Roma e Milano unite dai libri... in fiera!

Scritto da Stannah il 02-12-2009

Cominciare un libro è sempre un’avventura: alcuni vi si buttano a capofitto già dalla prime righe, altri, invece, hanno bisogno di tempo per prendere il ritmo. L’uno o l’altro atteggiamento, in verità, sono conseguenza anche del contenuto e dello stile di ciascun autore, però ci sono davvero poche esperienze soggettive come la lettura.

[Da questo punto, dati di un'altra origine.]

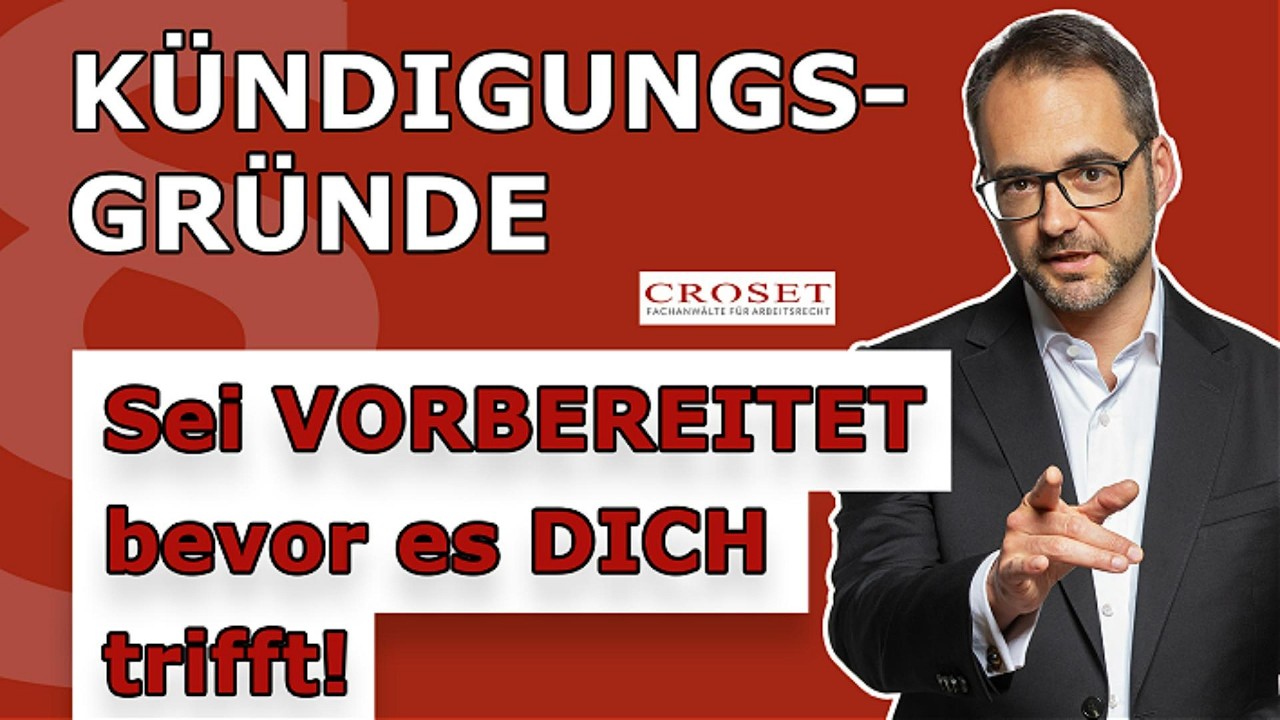 Kündigung vom Arbeitgeber? Prüfen Sie DAS sofort #arbeitsrecht #kündigung #heypascal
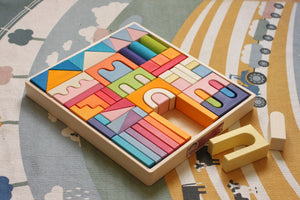 Extra Large Building Blocks Set “The Castle”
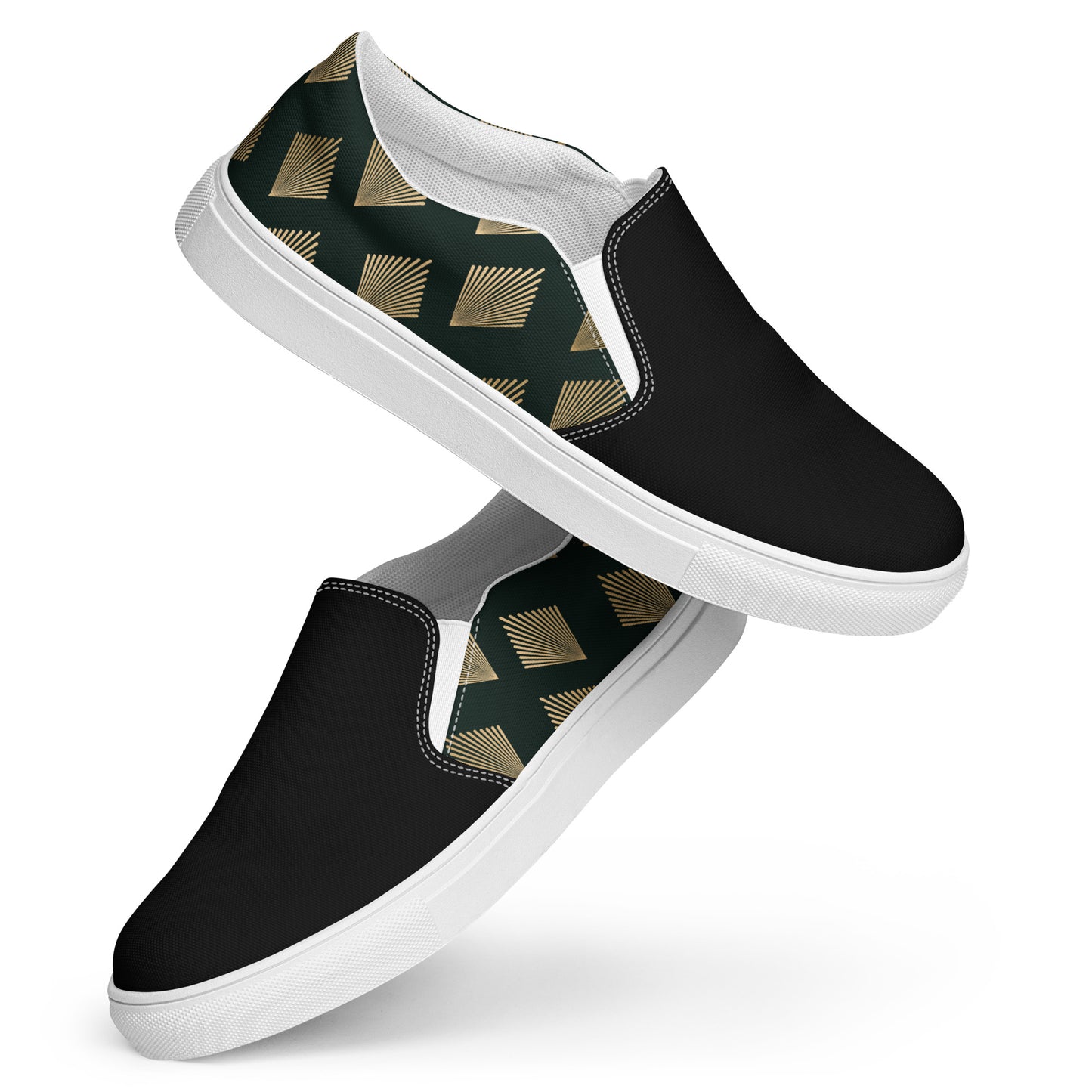 GeoMetro | Women’s Slip-on Canvas Shoes | Deco Diamond 2Tone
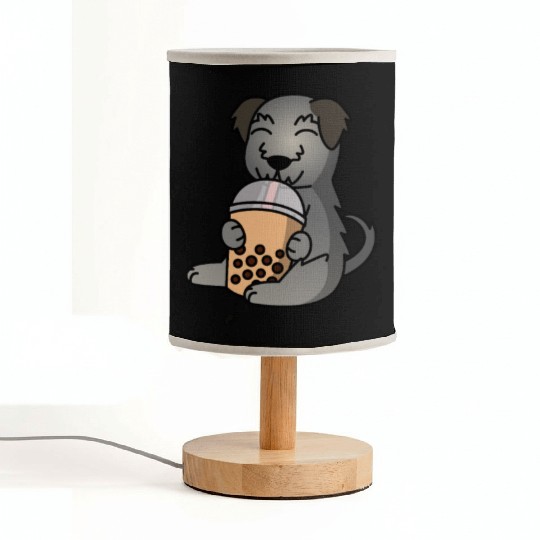 Boba Bubble Tea Irish Wolfhound Fabric Lamps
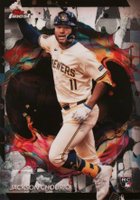 2024 Topps Finest #275 Jackson Chourio Baseball Card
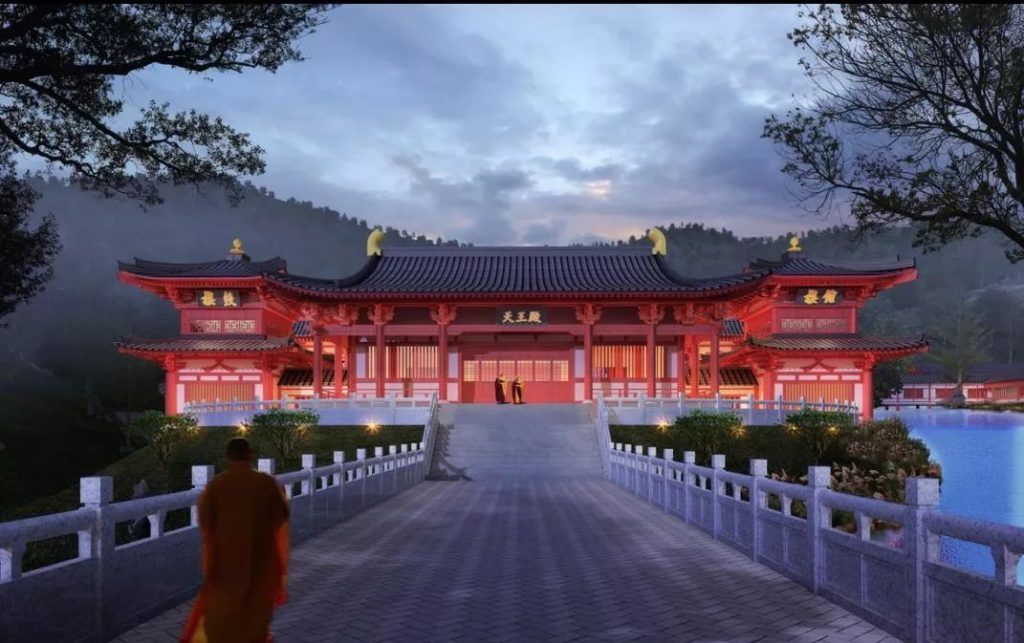 五台山佛教圣地的生态文化旅游综合体，山西省原平市生态文旅游总体规划设计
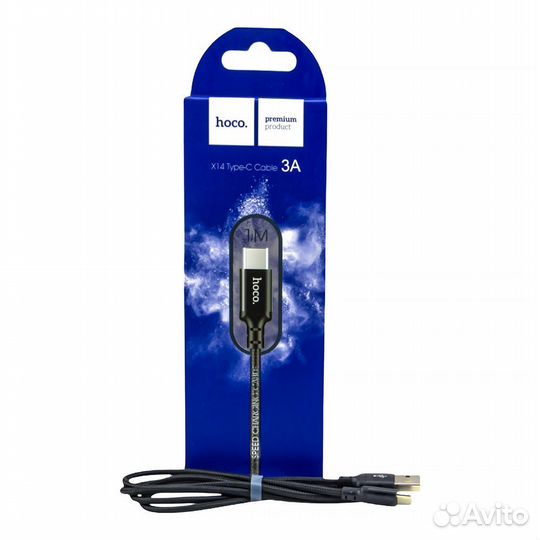 USB дата-кабель Hoco X14(Type-C) 1M черный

In fondo, leggendo dialoghiamo con noi stessi e non sempre ci andiamo a genio… per scoprire qualcosa su di noi, ma soprattutto sul mondo estremamente variegato dei lettori, ci sono nei prossimi giorni ben due occasioni, per di più nelle due città d’Italia più importanti: Roma e Milano.
Nella capitale d’Italia si ripete infatti, dal 5 all’8 dicembre, “Più libri più liberi”, la fiera della piccola e media editoria che l’anno scorso ha fatto registrare ben cinquantamila visitatori. Il fine settimana successivo, ossia dall’11 al 13 dicembre, debutta invece nella capitale del nord “Un libro a Milano”, il primo salone della piccola e media editoria indipendente.
Le due kermesse sono ricchissime di eventi: per prima cosa, si susseguono le presentazioni dei libri a cura delle varie case editrici ospiti delle fiere. A Roma, per esempio, Anna Maria Sciascia è protagonista dell’incontro del 7 dicembre (alle 18) dedicato al suo celebre padre. Domenico Starnone, Sergio Rubini e Carla Cavalluzzi parlano invece il 5 dicembre (sempre alle 18) della loro commedia grottesca “Il cattivo soggetto”, incentrata sulla bizzarra amicizia tra un malvivente e un prete. Oltre alla letteratura, si parla anche di giornalismo e di solidarietà internazionale, per esempio con Milena Gabanelli (prevista l’8 dicembre, alle 17) e con “Medici senza frontiere” e le crisi umanitarie dimenticate (il 6 dicembre, alle 12).
Analogamente, è difficile sintetizzare gli incontri di Milano, al Superstudio più di via Tortona: tra gli altri, segnaliamo il dibattito sul tema la “Memoria storica. Il valore creativo del ricordo”, argomento di cui parlano il 12 dicembre, alle 11.30, Laura Tussi, autrice del libro “Memoria e olocausto”, e e Francesco Barilli, autore con Matteo Fenoglio del libro di storia a fumetti “Piazza Fontana”, introdotti dal professore Attilio Mangano, storico e giornalista. Lo stesso giorno si tiene, nel pomeriggio, il dibattito intitolato “Corrispondenze Mediterranee: le donne, la Storia, la libertà”, in cui si confrontano le scrittrici Enza Piccolo e il suo “Elenora Fonseca de Pimentel, martire per la libertà”, Aicha Boubachi con il suo libro “Il caos raccontato a mio nipote”.
Curiosamente, poi, sia a Roma sia a Milano si parla di calcio, però da originali prospettive: nella capitale lo fa Thomas Brussig con il suo “Litania di un arbitro”, in un ritratto molto spietato dello sport nazionale; mentre a Milano si rivivono i fasti di un’altra epoca con Karl-Heins Schnellinger, giocatore del Milan entrato nella storia, che sarà presente all’incontro con Franco Re, autore del libro “Il ’70 e i 70. Karl Heinz Schnellinger”.
Entrambe le kermesse, infine, ci tengono a restare al passo con i tempi, pur propugnando la difesa della memoria affidata alla parola scritta: a Roma è presente uno spazio “ebook” in cui vengono illustrate le più moderne tecnologie di lettura digitale; mentre a Milano la realtà purtroppo molto cruda arriva in fiera con la iena Luigi Pelazza, autore di “Un mondo quasi perfetto”, che raccoglie le sue inchieste televisive su camorra, pedofilia e molto altro.
Che ne dite? Farete un salto alle fiere? Che cosa ne pensate di eventi di questo genere? Aiutano a diffondere l’amore per i libri? Diteci la vostra: anzi, scrivetecela!